Yes it did hit me in the head, Then, when I went home I sprayed carburetor cleaner on my nut sac to get the grease cleaned off and it burned like hell because when I shaved my legs, I got carried away with the razor and kept going all the way to the holy land. LOOORD HAVE MERCY!!! If ever there was a case of TMI...

Yet I find myself eagerly awaiting the next installment of "As MGDADDYO's torn, flappy nustack turns in the spokes."

If they were really serious about it, they would have it removed with lasers or something.

Yet I find myself eagerly awaiting the next installment of "As MGDADDYO's torn, flappy nustack turns in the spokes." For the first time in my life, I'm at a loss for words. .

MGDADDYO: Perhaps tighter britches are in order (easy, yay-yo) Or one of those chain guard dealies (would that have worked?) Maybe bikings just not for you. But if you must, I would suggest bringing a topical creme.

Or a cast-iron cup.

Best thread derail ever.
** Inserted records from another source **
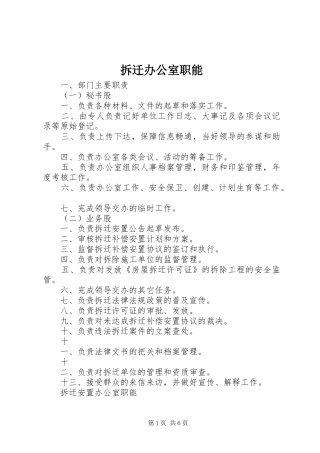 2024年拆迁办公室职能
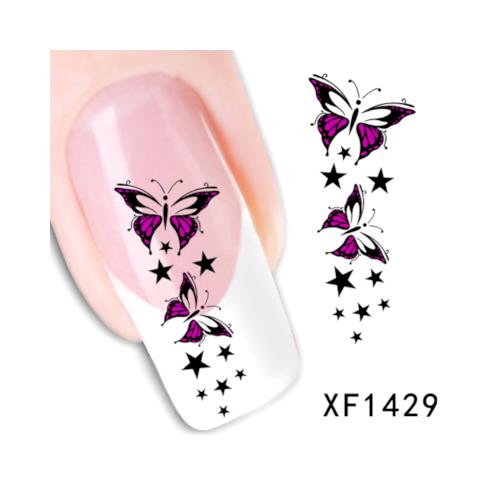 Nail Art Water Transfer Decals, Purple, Black, Butterfly. XF1429 - BEADED CREATIONS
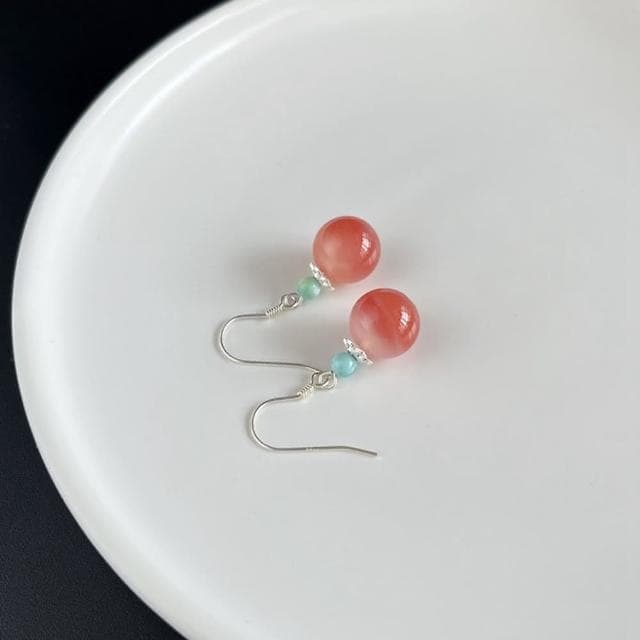 【Paiya 派亞】鹽源瑪瑙耳墜 925銀耳鈎綠松配飾通體銀潤紅色瑪瑙耳飾交換禮物/送禮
I busted a nut laughing.

It's only May, so I know there will be other entries, but I want to nominate MGDADDYD for best first comment of 2007. I will second that.

It's only May, so I know there will be other entries, but I want to nominate MGDADDYD for best first comment of 2007. I third that. Best first impression you can ever make in my book.

I'm suspicious that MGDADDYO might have been sitting on the bike backwards to get his left testicle caught in the rear derailer which is on the right side of the bike. EVERYBODY knows you shouldn't ride backwards, it requires shaving your back. Which is hard to reach.

I wasn't riding backwards, but on time, someone told me to put a potato in my pants to look more endowed and I put it in the back instead of the front. I don't know if I'm going to be able to hang out at this site much longer, you guys spend too much time getting off the beaten path instead of sticking to talking about sports.